When I turned around to respond to Monika, she was examining what appeared to be an intricate scale model of a Gothic cathedral. It was about six feet in length. Moving close to it I began to realize that every part of this exquisitely-crafted likeness of a thirteenth-century European church was actually a gun, a part of a gun, or a bullet. I was experiencing the inescapable double-take that the artist had built into this work. That visceral jolt is what grabs you, and once you are captured, the piece holds onto you. Cathedral is a work by the San Rafael-based sculptor Al Farrow, who has practiced art as a form of activism for more than forty years.

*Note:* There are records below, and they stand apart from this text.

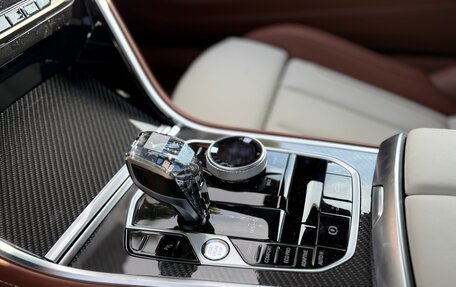 BMW 8 серия, 2024 год, 18 300 000 рублей, 9 фотография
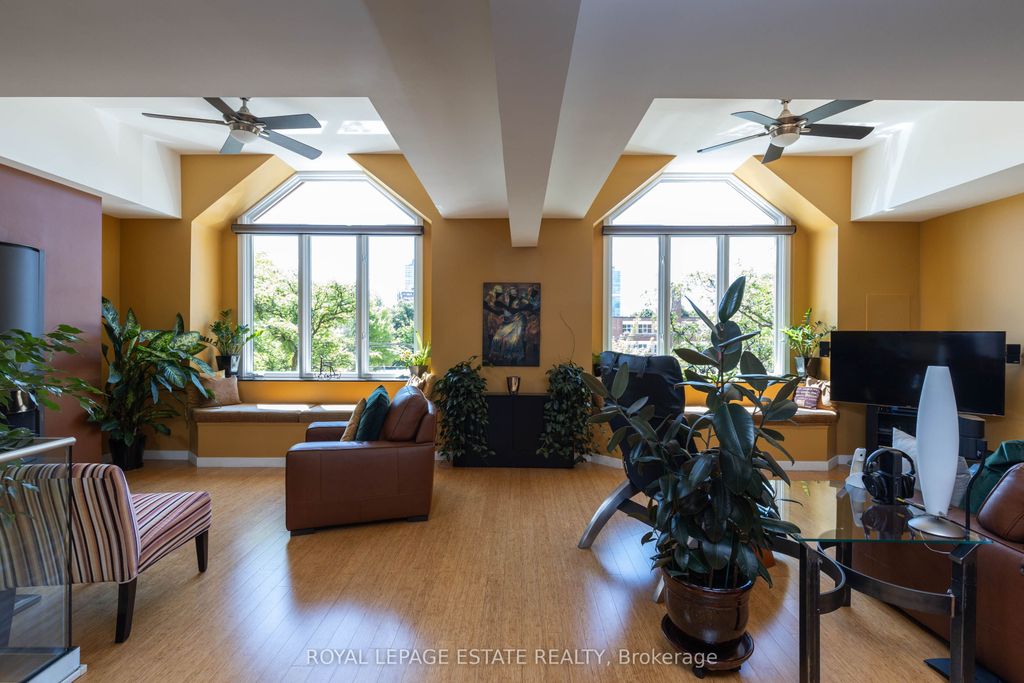 Photo of 432 Queen Street E, Toronto, ON M5A 1T4 (MLS # C12880166)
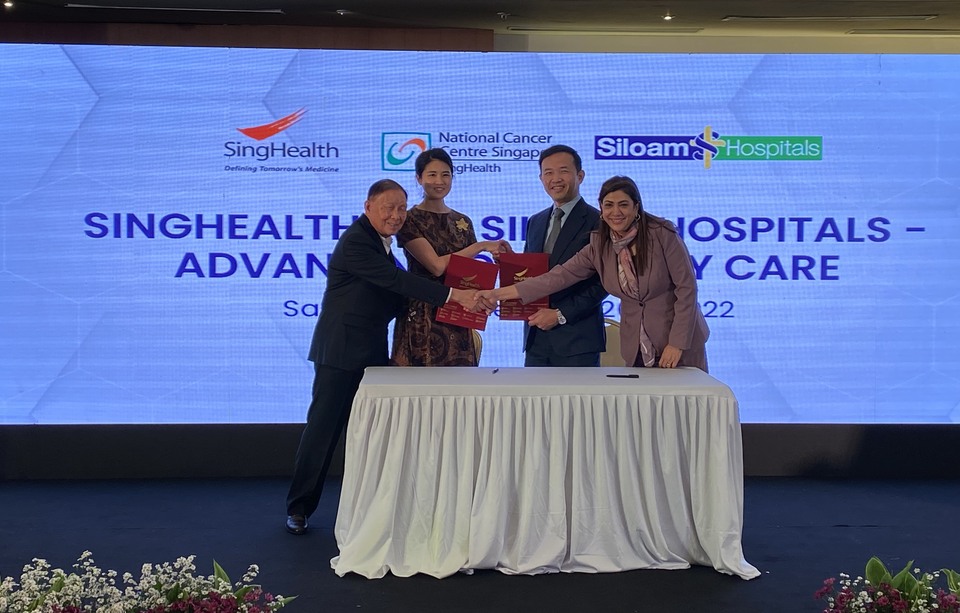 Penandatanganan perjanjian kerja sama antara MRCCC Siloam Hospitals Semanggi dengan National Cancer Centre Singapore (NCCS) SingHealth di Conference Room, MRCCC Siloam Hospitals Semanggi, Sabtu (26/11/2022).

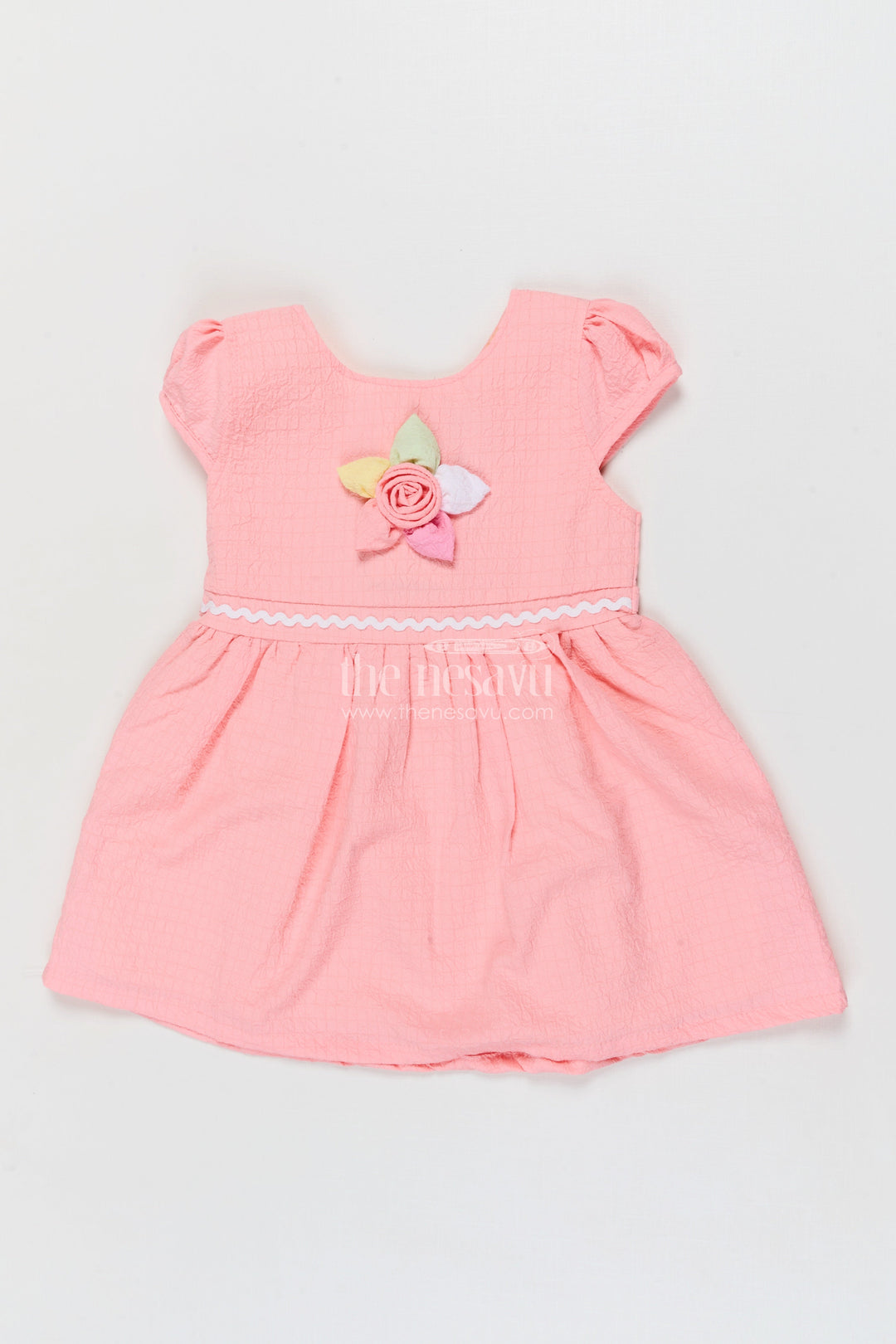 The Nesavu Girls Cotton Frock Seersucker Cotton Frock for Baby Girls’ Day-out Essentials Nesavu 14 (6M) / Peach / Cotton BFJ918B-14 Nesavu baby girl seersucker frock with flower applique and puff sleeves for casual outings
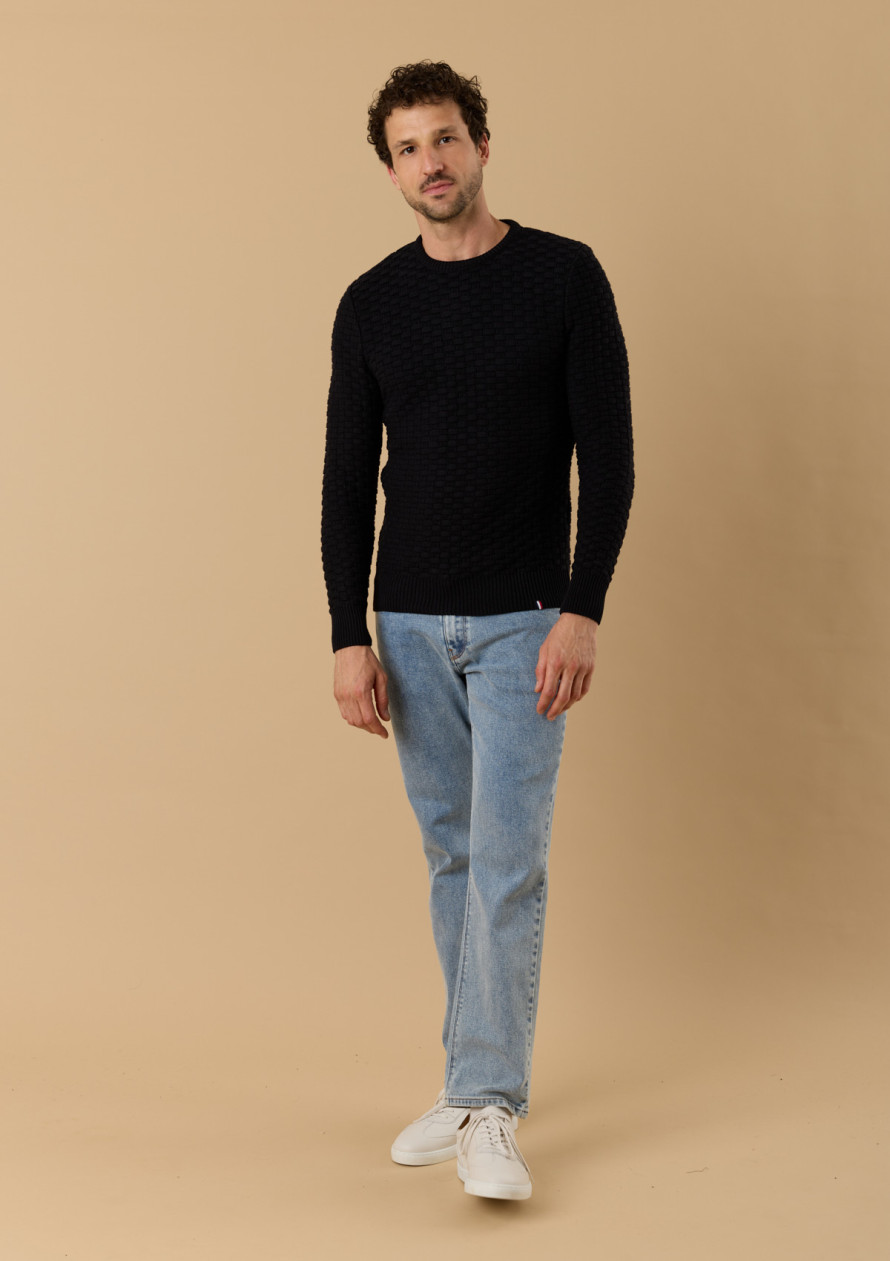 pull-homme-damier-noir-coton-biologique-collection-automne-hiver-2026-4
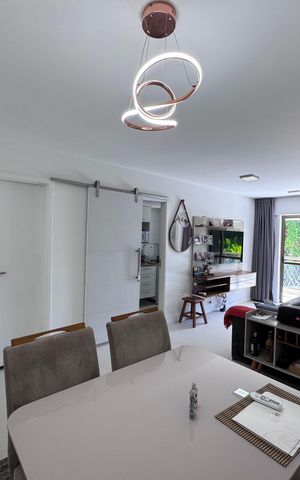 Apartamento à venda com 72m², 2 quartos e 2 vagas Apartamento à venda com 72m², 2 quartos e 2 vagasSala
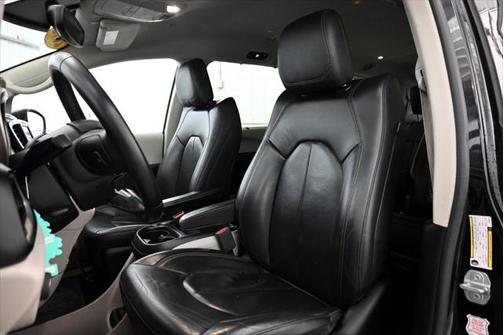 2018 Chrysler Pacifica Touring-L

This single example of Farrow’s art was utterly convincing—a masterful, forceful merging of concept and artistry. I needed to know more about this artist, and I wanted to meet him. During our first phone conversation I learned that Al knew my work as well. He told me that he was interested in having an exhibition at Forum Gallery, where I show my paintings in New York. I advocated for that exhibition enthusiastically, and I asked Chris Hedges, the political journalist, former war correspondent, and former Presbyterian minister to write the catalog essay. That show took place in March, 2015 at Forum’s gallery in the Crown Building on Fifth Avenue. It was a marvel.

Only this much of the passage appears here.